Taiwan should destroy chip infrastructure if China invades
NEW YORK -- In the most-downloaded paper published by the U.S. Army War College in 2021, two American scholars propose a Taiwan deterrence strategy to render the island so "unwantable" that it would make no logical sense for China to seize it by force.
One key recommendation is for the U.S. and Taiwan to threaten to destroy facilities of Taiwan Semiconductor Manufacturing Co. -- the world's most important chipmaker and China's most important supplier -- if Beijing invades.
Samsung, based in U.S. ally South Korea, would be the only alternative for cutting-edge designs. If TSMC went offline, "China's high-tech industries would be immobilized at precisely the same time the nation was embroiled in a massive war effort," the authors note. "Even when the formal war ended, the economic costs would persist for years," the paper suggests, adding that such a scenario could hurt the legitimacy of the Chinese Communist Party.
The challenge, the authors argue, is to make such a threat credible. "An automatic mechanism might be designed, which would be triggered once an invasion was confirmed," they write.

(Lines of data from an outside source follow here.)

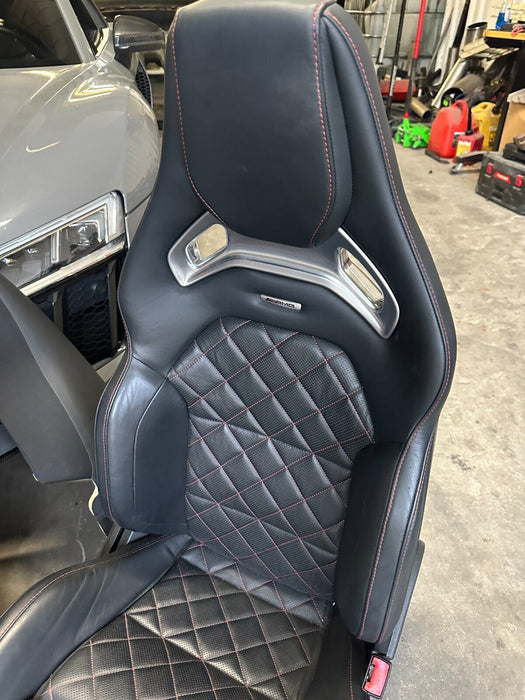 2015 MERCEDES C63S AMG EDITION 1 SEDAN W205 REAR SEATS DIAMOND STITCH OEM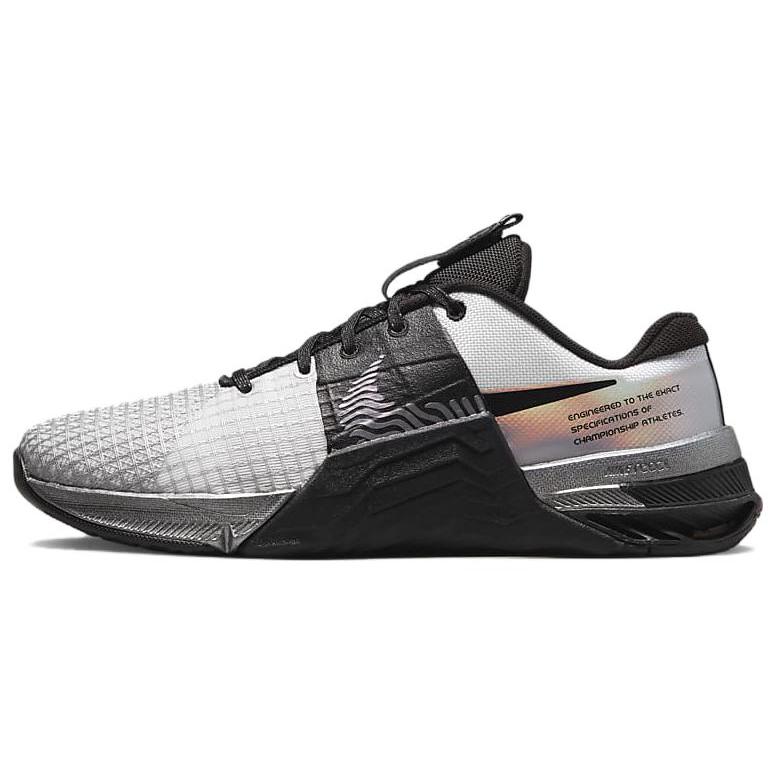 

новые женские Nike Metcon 8 Premium Белый Черный Переливающийся 36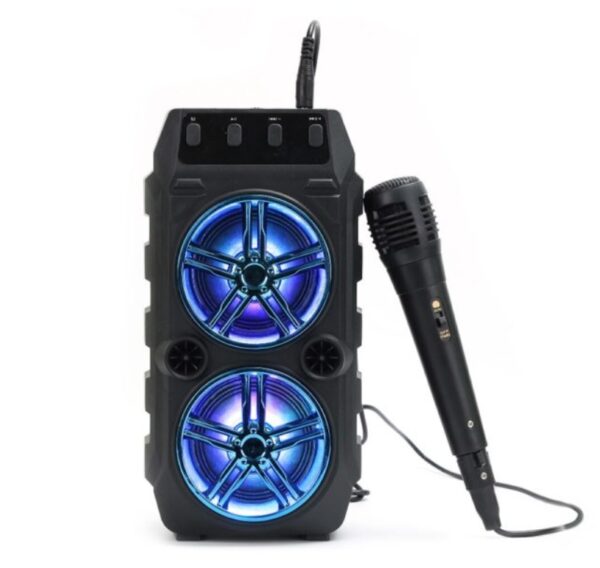Outdoor Bluetooth Speaker – Dual Drivers, Loud & Portable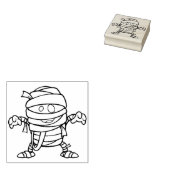 Kind mummy 2 illustratie kunststempel rubberstempel (Gestempeld)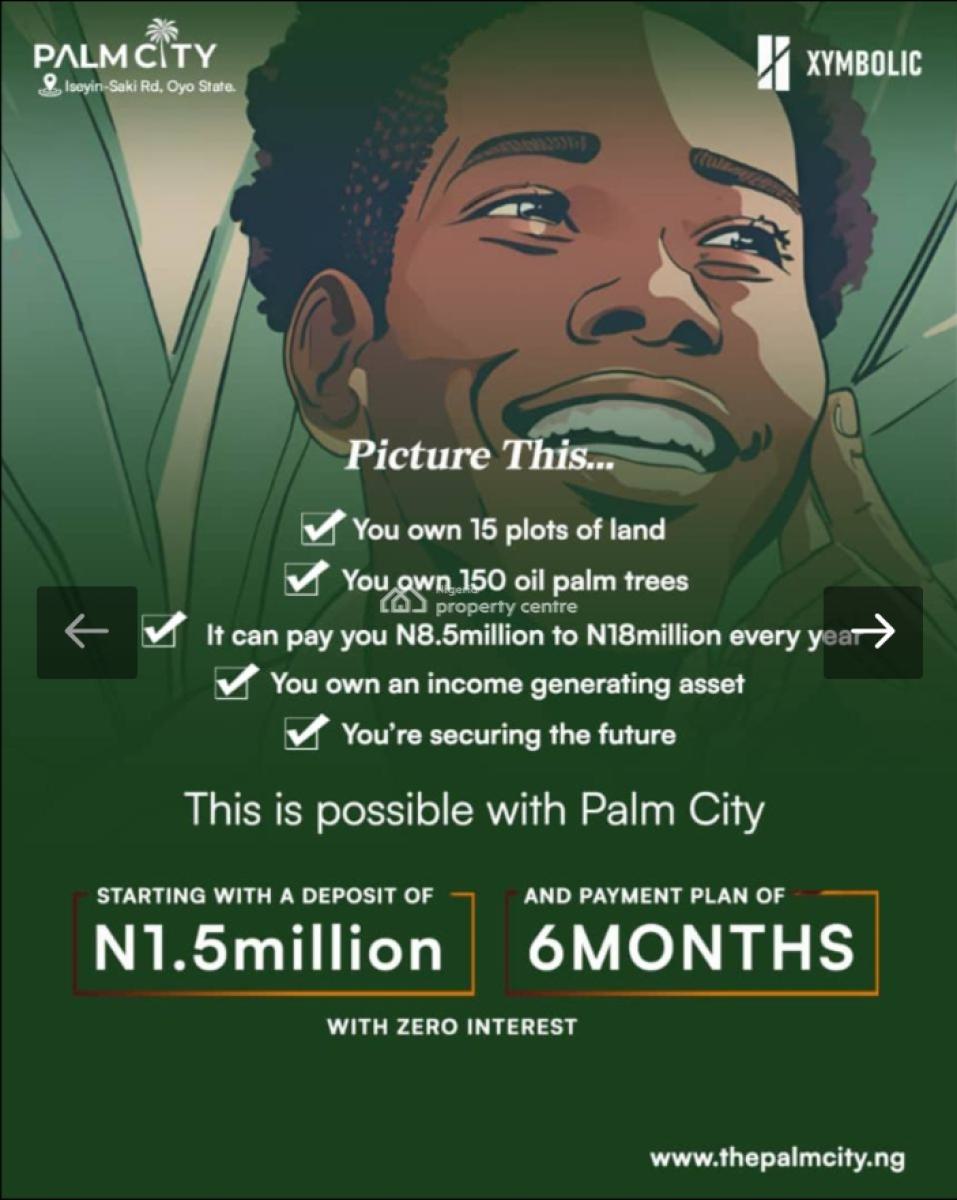 Affordable Commercial Land, Palm City, Saki Road, Iseyin, Oyo, Land for Sale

"Despite a huge Chinese effort for a 'Made in China' chip industry, only 6% of semiconductors used in China were produced domestically in 2020," the paper notes.
"Broken Nest: Deterring China from Invading Taiwan" was written by Jared McKinney, chair of the Department of Strategy and Security Studies at the eSchool of Graduate Professional Military Education, Air University, and Peter Harris, associate professor of political science at Colorado State University. The views do not necessarily represent those of Air University or the U.S. Air Force, McKinney said.
China has responded strongly to the report. On Dec. 23, the website of the Chinese State Council's Taiwan Affairs Office posted an article noting that "the mainland's pursuit of cross-strait reunification is definitely not for TSMC."
The controversial approach stems from an acknowledgement that traditional deterrence strategies -- such as forward-deploying American warships in Taiwan's vicinity -- may not be enough to discourage Beijing from taking action in the Taiwan Strait.
The People's Liberation Army's goal for a successful invasion is 14 hours, a Chinese analyst with connections in the PLA Navy told the authors, while the PLA projects the U.S. and Japan to need 24 hours to respond.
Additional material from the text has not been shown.